I have two version of python script that scans the table in hbase by 1000 rows in while loop. 1st one using happybase as in https://happybase.readthedocs.org/en/latest/user.html#retrieving-rows
while variable:
for key, data in hbase.table(tablename).scan(row_start=new_key, batch_size=1000, limit=1000):
print key
new_key = key
the 2nd one using hbase thrift interface as in http://blog.cloudera.com/blog/2014/04/how-to-use-the-hbase-thrift-interface-part-3-using-scans/
scanner_id = hbase.scannerOpenWithStop(tablename, '', '', [])
data = hbase.scannerGetList(scanner_id, 1000)
while len(data):
for dbpost in data:
print row_of_dbpost
data = hbase.scannerGetList(scanner_id, 1000)

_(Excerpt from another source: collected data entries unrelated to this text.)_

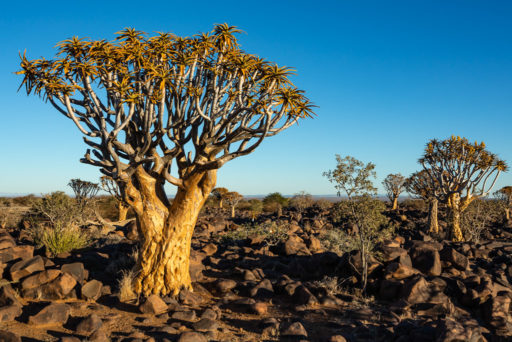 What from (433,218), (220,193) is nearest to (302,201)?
(220,193)

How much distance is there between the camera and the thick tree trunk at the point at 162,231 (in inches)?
290

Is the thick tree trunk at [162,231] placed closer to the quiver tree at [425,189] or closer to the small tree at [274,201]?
the quiver tree at [425,189]

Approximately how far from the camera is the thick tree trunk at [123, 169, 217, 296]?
7363 mm

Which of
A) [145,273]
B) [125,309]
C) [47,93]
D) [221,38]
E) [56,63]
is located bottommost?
[125,309]

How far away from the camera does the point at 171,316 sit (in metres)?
6.46

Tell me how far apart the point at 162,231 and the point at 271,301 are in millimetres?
2643

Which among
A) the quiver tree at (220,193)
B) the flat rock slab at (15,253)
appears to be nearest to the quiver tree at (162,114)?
the flat rock slab at (15,253)

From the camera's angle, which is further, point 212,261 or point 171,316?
point 212,261

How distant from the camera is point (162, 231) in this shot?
7512mm

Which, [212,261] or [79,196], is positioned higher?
[79,196]

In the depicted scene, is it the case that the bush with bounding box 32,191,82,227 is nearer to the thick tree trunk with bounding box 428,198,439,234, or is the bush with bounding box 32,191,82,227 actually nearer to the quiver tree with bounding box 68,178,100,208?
the quiver tree with bounding box 68,178,100,208

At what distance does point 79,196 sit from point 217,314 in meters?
18.0

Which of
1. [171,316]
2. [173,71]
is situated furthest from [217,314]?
[173,71]

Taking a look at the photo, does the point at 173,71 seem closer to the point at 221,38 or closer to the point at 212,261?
the point at 221,38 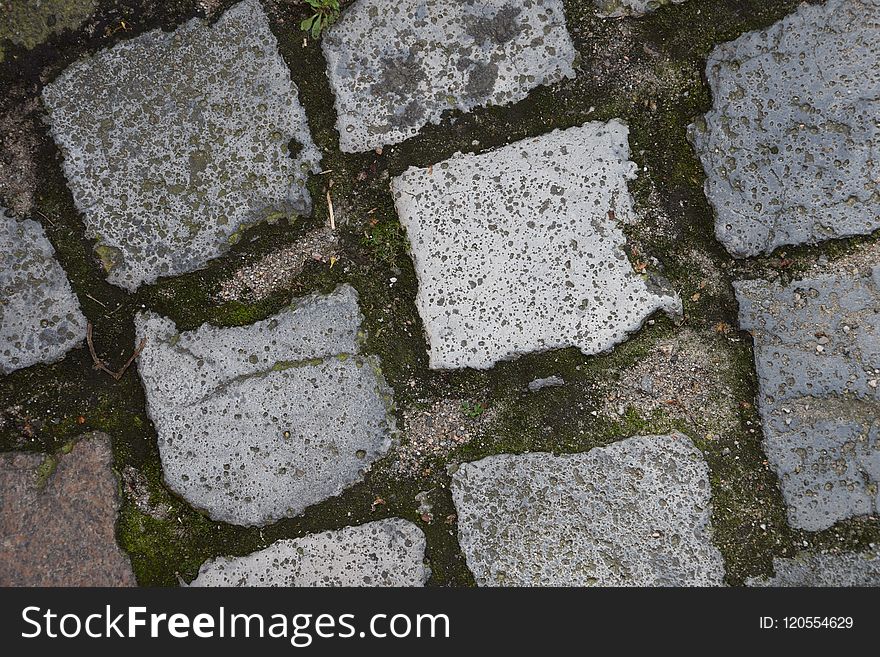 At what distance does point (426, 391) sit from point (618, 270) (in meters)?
0.70

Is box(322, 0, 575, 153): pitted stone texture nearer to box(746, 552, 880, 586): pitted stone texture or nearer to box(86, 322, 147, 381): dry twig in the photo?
box(86, 322, 147, 381): dry twig

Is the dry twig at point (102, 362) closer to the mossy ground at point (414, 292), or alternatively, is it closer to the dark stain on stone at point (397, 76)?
the mossy ground at point (414, 292)

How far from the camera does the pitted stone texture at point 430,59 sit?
75.1 inches

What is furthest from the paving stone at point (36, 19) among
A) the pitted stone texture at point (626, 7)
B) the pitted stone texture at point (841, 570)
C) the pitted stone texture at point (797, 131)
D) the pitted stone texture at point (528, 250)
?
the pitted stone texture at point (841, 570)

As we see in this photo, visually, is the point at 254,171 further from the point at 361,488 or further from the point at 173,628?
the point at 173,628

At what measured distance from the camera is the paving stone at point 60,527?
1.92 m

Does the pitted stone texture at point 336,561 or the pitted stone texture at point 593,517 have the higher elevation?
the pitted stone texture at point 336,561

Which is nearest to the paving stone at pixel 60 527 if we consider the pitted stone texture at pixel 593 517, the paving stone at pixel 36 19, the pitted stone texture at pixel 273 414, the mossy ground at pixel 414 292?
the mossy ground at pixel 414 292

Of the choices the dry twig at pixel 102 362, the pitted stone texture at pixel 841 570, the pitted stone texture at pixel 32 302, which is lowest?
the pitted stone texture at pixel 841 570

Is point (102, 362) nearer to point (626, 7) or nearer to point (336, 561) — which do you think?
point (336, 561)

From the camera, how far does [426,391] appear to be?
1920mm

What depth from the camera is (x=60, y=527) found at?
6.31ft

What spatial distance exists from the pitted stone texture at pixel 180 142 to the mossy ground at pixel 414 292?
0.06 meters

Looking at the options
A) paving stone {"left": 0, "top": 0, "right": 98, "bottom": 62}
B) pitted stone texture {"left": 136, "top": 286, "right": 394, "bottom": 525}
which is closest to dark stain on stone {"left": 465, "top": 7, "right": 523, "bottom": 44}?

rows in database are numbers. so my problem is that in certain row something weird is happening:
happybase prints(rows):
... 100161632382107648
10016177552
10016186396
10016200693
10016211838
100162138374537217 (point of interest)
193622937692155904
193623435597983745...
and thrift_scanner prints(rows):
... 100161632382107648
10016177552
10016186396
10016200693
10016211838
100162138374537217 (point of interest)
100162267416506368
10016241167
10016296927 ...
and this is happening not in the point of next 1000 rows (row_start=new_scan or next data=scannerGetList), but in the middle of batch. And it happens every time.
I would say that 2nd script with scannerGetList is doing it right.
Why happybase doing it differently? is it considering timestamps or some other inside happybase/hbase logic? will it eventually scan the whole table, just in different order?
ps. i do know that happybase version will scan and print 1000th row two times, and scannerGetList will ignore the first row in next data. that is not the point, magic is happening in the middle of 1000 row batch.